La guérisseuse au regard de serpent lui tendit une gélule jaune, la promena sous son nez, mais la retira avant qu'il ne puisse la saisir.
— Un poison violent. Au cas où. Je le mettrai avec les balles. Sers-t'en au besoin.
Il la dévisagea sans comprendre ; elle rit sans joie.
— Tu pourrais te trouver dans une situation où mourir est préférable à ce qui t'attend. On t'a dit que Miles était un gars dangereux, non ?
Le jeune roi secoua la tête, mortifié par ce qu'elle lui suggérait sans la moindre honte.
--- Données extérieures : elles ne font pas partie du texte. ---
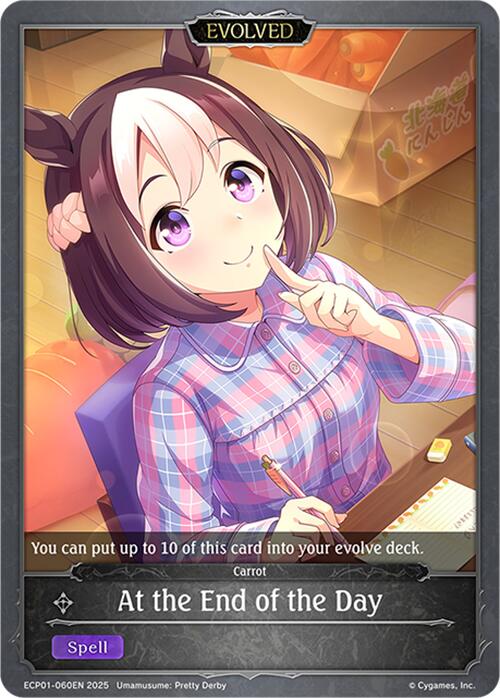 At the End of the Day (Evolved) (ECP01-060EN) [Umamusume: Pretty Derby EX Crossover Set]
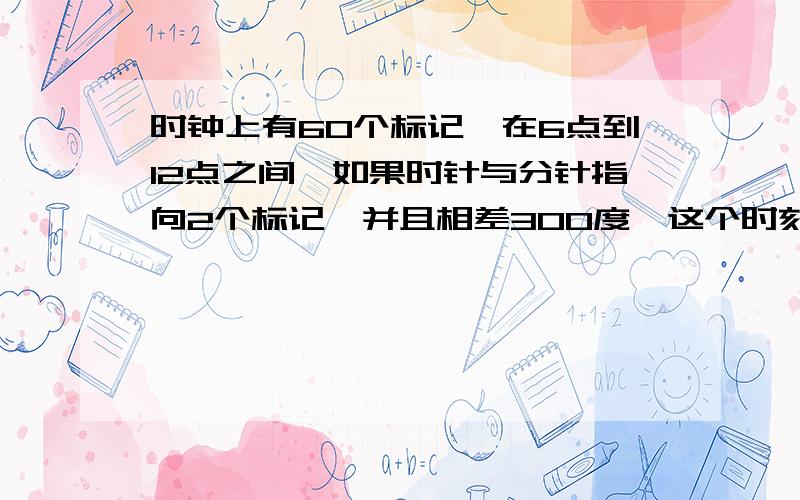 时钟上有60个标记,在6点到12点之间,如果时针与分针指向2个标记,并且相差300度,这个时刻是几时几分?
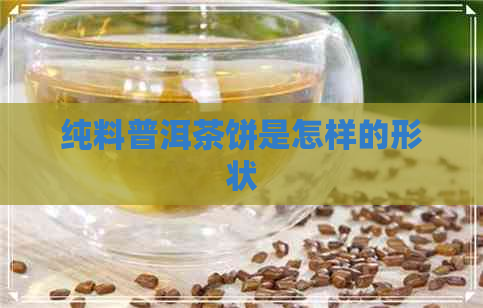 纯料普洱茶饼是怎样的形状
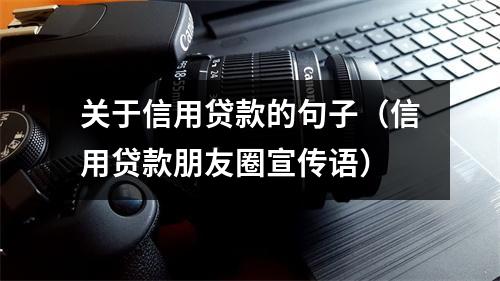 关于信用贷款的句子（信用贷款朋友圈宣传语）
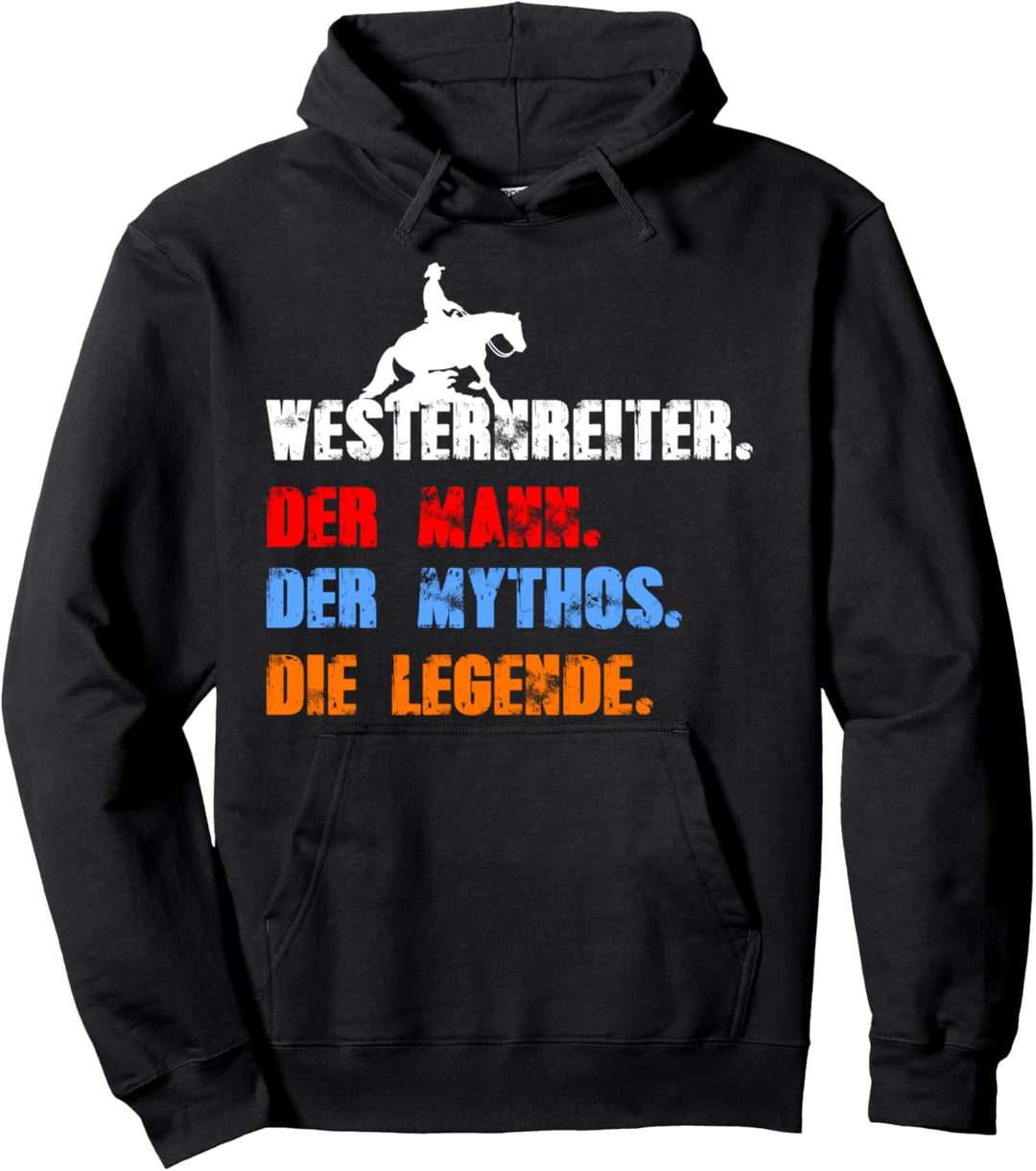 Westernreiter Der Mann der Mythos die Legende Pullover Hoodie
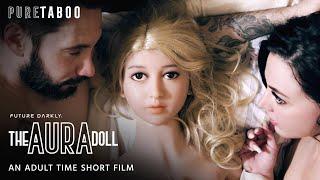 Future Darkly  THE AURA DOLL  Taboo Short Film  Adult Time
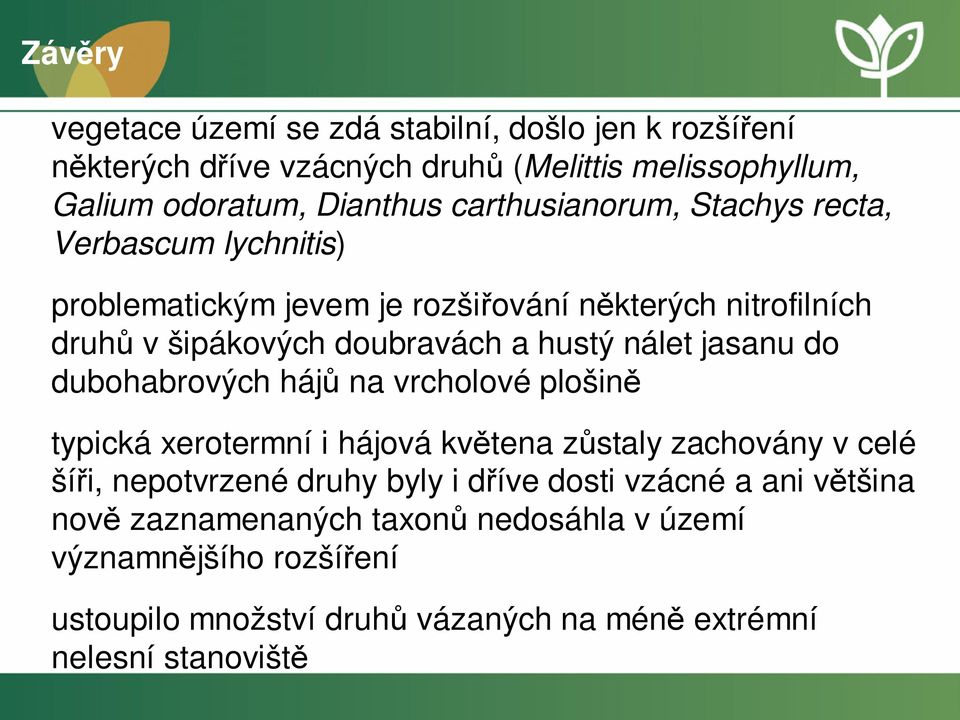 nálet jasanu do dubohabrových hájů na vrcholové plošině typická xerotermní i hájová květena zůstaly zachovány v celé šíři, nepotvrzené druhy byly i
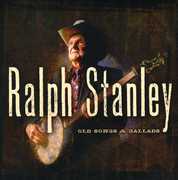 Old Songs and Ballads, Vol. 1 , Ralph Stanley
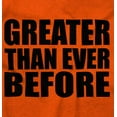 thumbnail image 2 of Greater Than Ever Before Motivational Unisex Plus Fleece Graphic Sweatshirt Brisco Brands 5X, 2 of 5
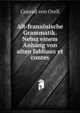 Alt-franzosische Grammatik. Nebst einem Anhang von alten fabliaux et contes, Conrad von Orell 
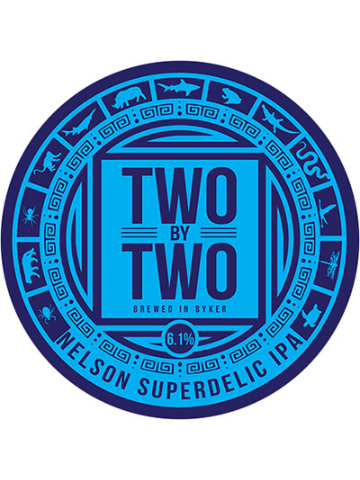 Two By Two - Nelson Superdelic IPA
— Mourir de sa propre main est un péché. Dieu seul...
— Blablabla, l'interrompit-elle.
Elle agita une main, claquant des doigts comme le bec d'un corbeau devant son visage, puis s'écarta avec un reniflement de mépris. Arthur n'en prit guère ombrage et ne chercha pas à parlementer. Il commençait à connaître Alex et son tempérament peu amène. La Sorcière blanche au coeur de glace.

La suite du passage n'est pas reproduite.